Now, luckily my website is not excessively big, but using compression is generally speaking a good idea; while downloading my full website without compression is just accounting for about 30MB of data; what about all the other websites they are crawling? All these crawlers are abusing the network all over the globe and they should be learning their lesson.

So I devised some tricks with ModSecurity — might not be perfect, actually, almost surely they are not perfect, but this one that I’m going to talk about should help quite a bit:

SecRule REQUEST_URI "@streq /robots.txt" 
SecRule REQUEST_HEADERS:Accept-Encoding 
    "@pm deflate gzip" "phase:1,skipAfter:END_ROBOT_CHECKS"

SecRule IP:IS_ROBOT "@eq 1" 
    "phase:1,deny,status:406,msg:'Robot at %{REMOTE_ADDR} is not supporting compressed responses'"

Update: I changed the code above to allow fetching robots.txt even without Accept-Encoding; interestingly, it seemed like it killed msnbot at the spot, which looks pretty… wrong. So I either made a mistake in my rules, or the Microsoft bot is, well, broken.

What does this do? Well first of all I have to identify whether a request is coming from a bot at all; while there are a number of ways to do that, I decided to guess a half-decent heuristics: if you’re hitting my website’s robots.txt I assume you are a robot; and so I count all the requests coming from the same IP; it might be a bit too greedy but it should cover it. I also cache the request for three days, since some crawlers have the bad idea of not requesting robots.txt before sending out a bunch of page requests.

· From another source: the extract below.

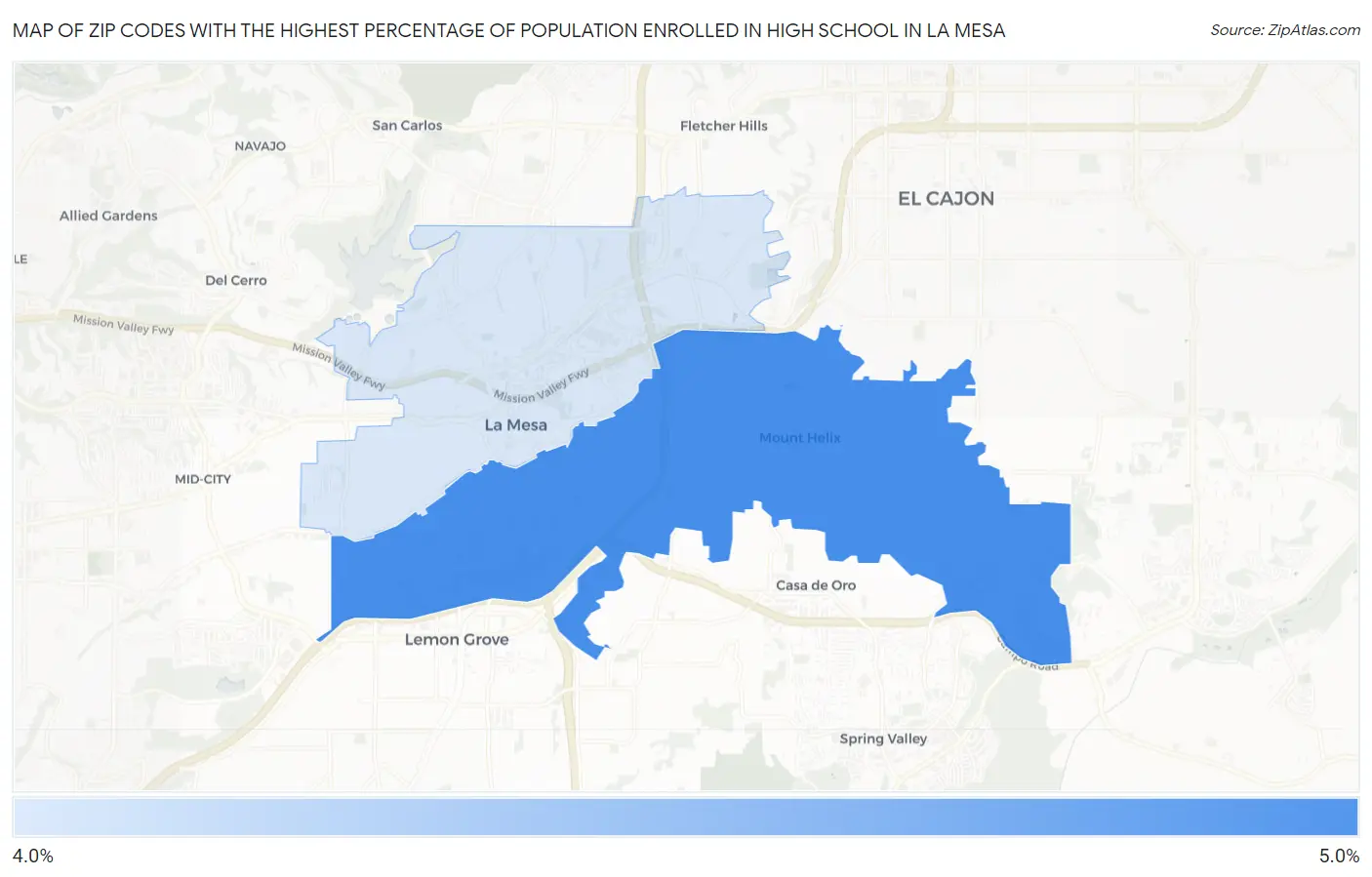 Zip Codes with the Highest Percentage of Population Enrolled in High School in La Mesa Map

Then, I check whether there is support for either deflate or gzip algorithms for the Accept-Encoding headers; if there is I let the request pass through and be responded (compressed). Otherwise, I check back on whether it is a robot, and if so I reply with a “Not Acceptable” answer — this is intended to signify that the data is there, but it’s not available to that crawler because it does not support compressed requests.

I’ve now set this up as an experiment on my own website, I’ll report if there will be some serious false positives, I don’t think there will be many, if any at all.

Comments 4
  1. Sounds interesting, I host a mirror of an old website which is heavy-flash-only, I could use this trick maybe, I’ll stay tuned on this thread.

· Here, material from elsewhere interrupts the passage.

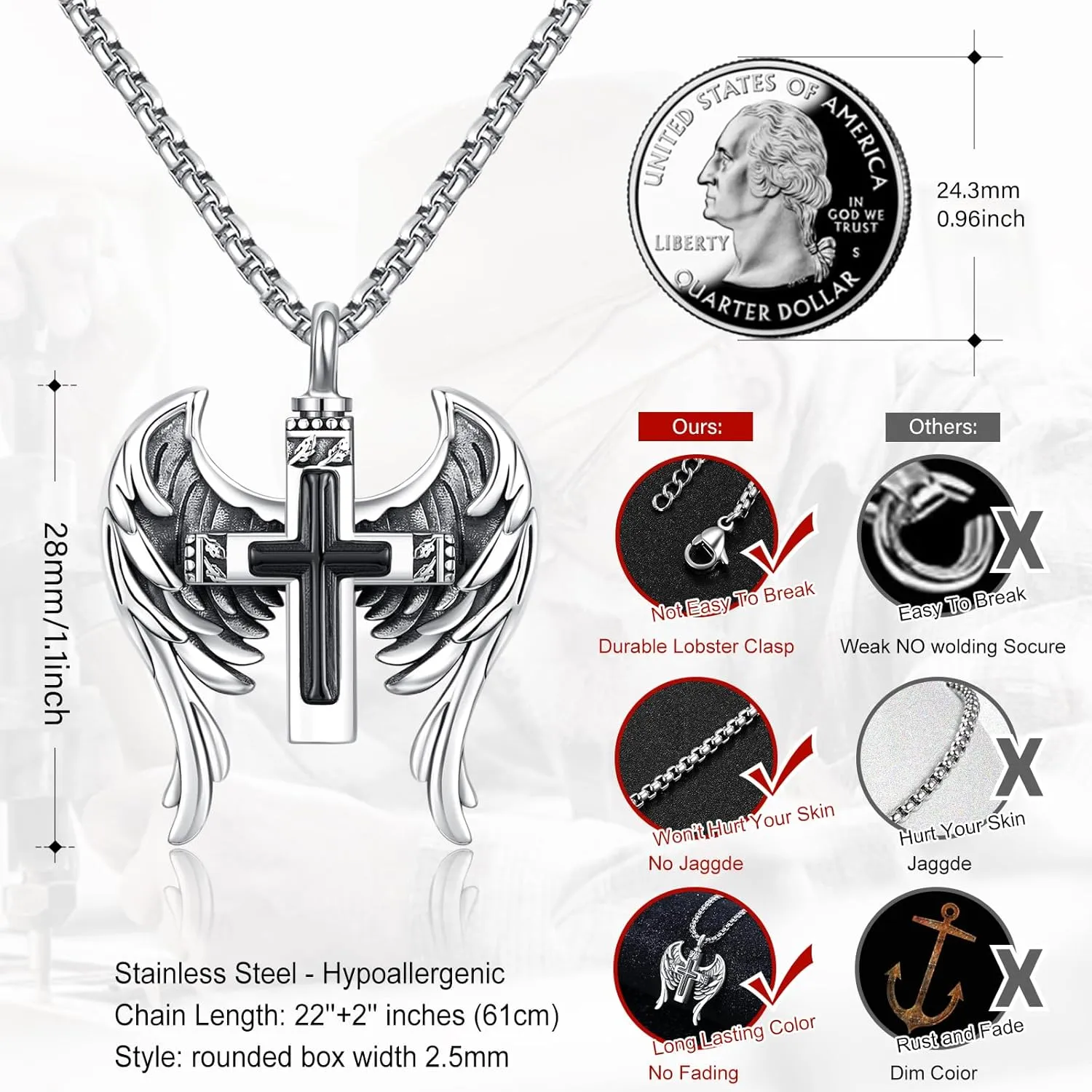 Ashes Cross/Viking Norse/Arrow/Bear Paw/Heart/Thor's Hammer/Hourglass/Tree of Life Necklace 925 Sterling Silver Pendant Necklace Cremation Jewelry Gifts for Men women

  2. What do you think about storing static web pages in gziped form and serving them as-is using sendfile (or equivalent) instead of storing the html and compressing on the fly each time? More data fits in block cache that way. If need be, gunzipping from disk to socket is cheaper than gzipping from disk to socket.For large files and/or large number of requests I think refusing to serve uncompressed makes lots of sense. Same with bots that don’t send If-Modified-Since (if I know they’ve crawled me before). I’m willing to humor an ancient interactive UA, but not stupid batch crawlers.

  3. Zeev I already planned on checking that out before, but I never went on to make sure that Apache would actually use it. Definitely it would make sense, especially since my website is _all_ static webpages (and the same goes for a few of my friends’).Also, it seems like my original rule didn’t work out that well, as it kept msnbot/2.0b out, while I’m pretty sure it’s properly supporting Accept-Encoding… it might not send it when accessing robots.txt for compatibility though, so I’ll be looking at that.

  4. Okay I can confirm it now: msnbot does require robots.txt without Accept-Encoding, but the reset of the website with it; probably as a safety system. So the code above that always allow robots.txt to be fetched is the good one!